> **TRY IT**
Keep every word of the entries and print them exactly; the pictures stay out.
*** DATA FOR THIS EXERCISE ***
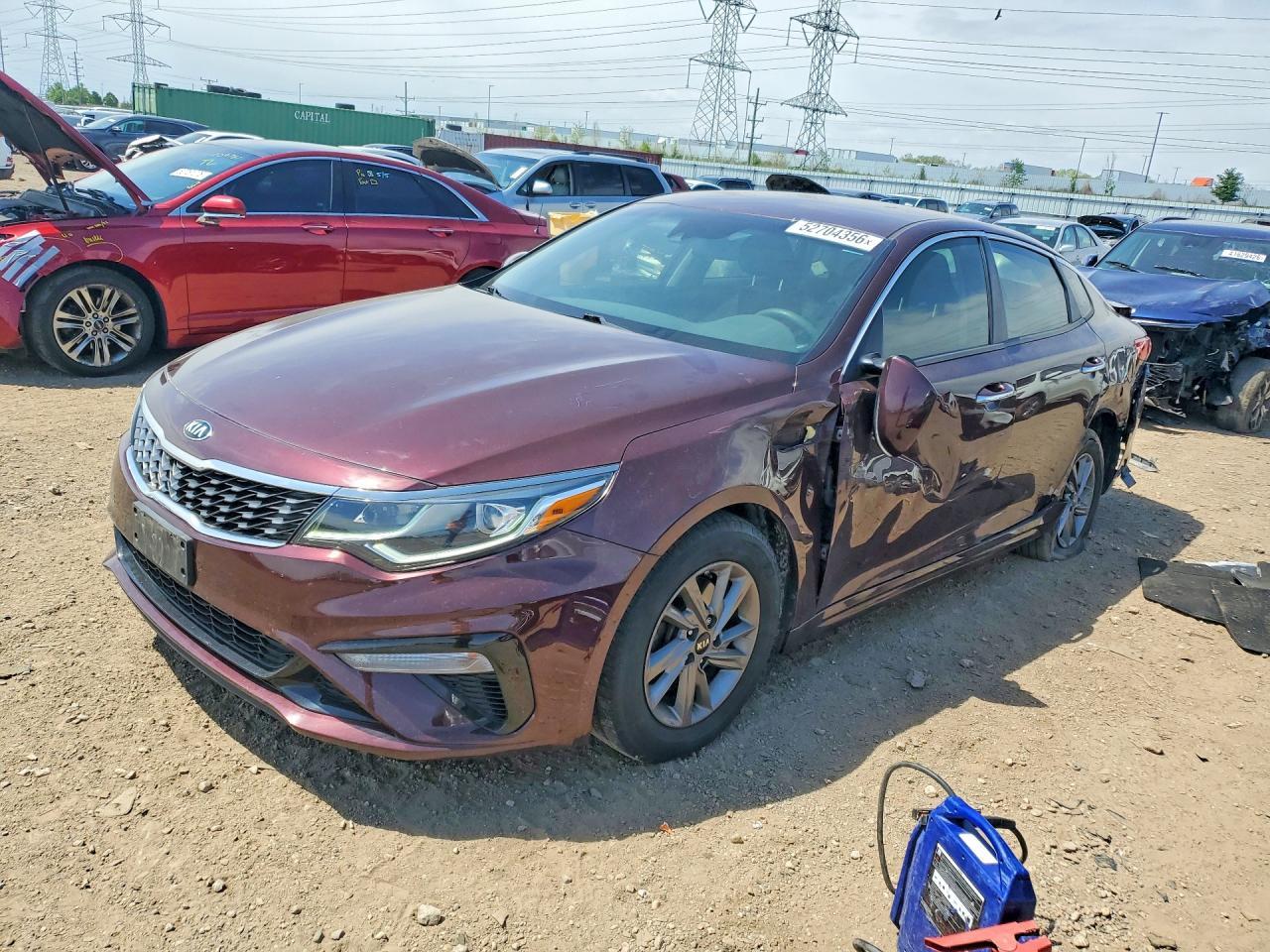 2020 Kia Optima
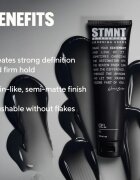 STMNT Nomad Barber Gel stylingový gel pro fixaci a tvar 150 ml
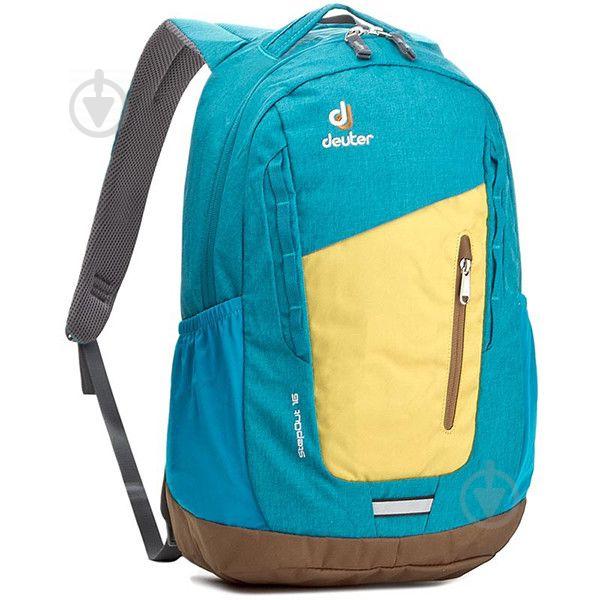 Рюкзак Deuter StepOut 16 Neon-Petrol (1052-3810315 8304)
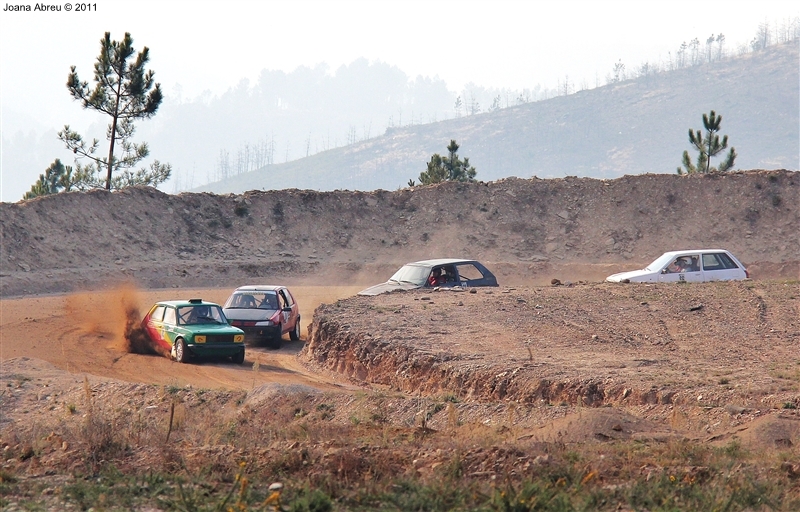 Autocross na pista de Salto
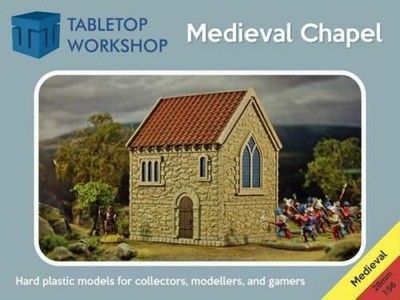28mm (1:56) Kapelle Bausatz The Tabletop Workshop 28MEDCHAP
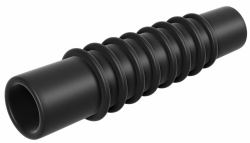 Microconnect BNC Plastic Cable Relief, Black ενωτικό ομοαξονικών 1 τεμάχια (BNC Plastic Cable Relief, - Black - Warranty: 300M)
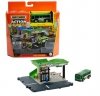 Matchbox Action Drivers Dworzec autobusowy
*** End of DATA FOR THIS EXERCISE ***
> **ANSWER BOX**
 2020 Kia Optima
 STMNT Nomad Barber Gel stylingový gel pro fixaci a tvar 150 ml
 Рюкзак Deuter StepOut 16 Neon-Petrol (1052-3810315 8304)
 Autocross na pista de Salto
28mm (1:56) Kapelle Bausatz The Tabletop Workshop 28MEDCHAP
 Microconnect BNC Plastic Cable Relief, Black ενωτικό ομοαξονικών 1 τεμάχια (BNC Plastic Cable Relief, - Black - Warranty: 300M)
 Matchbox Action Drivers Dworzec autobusowy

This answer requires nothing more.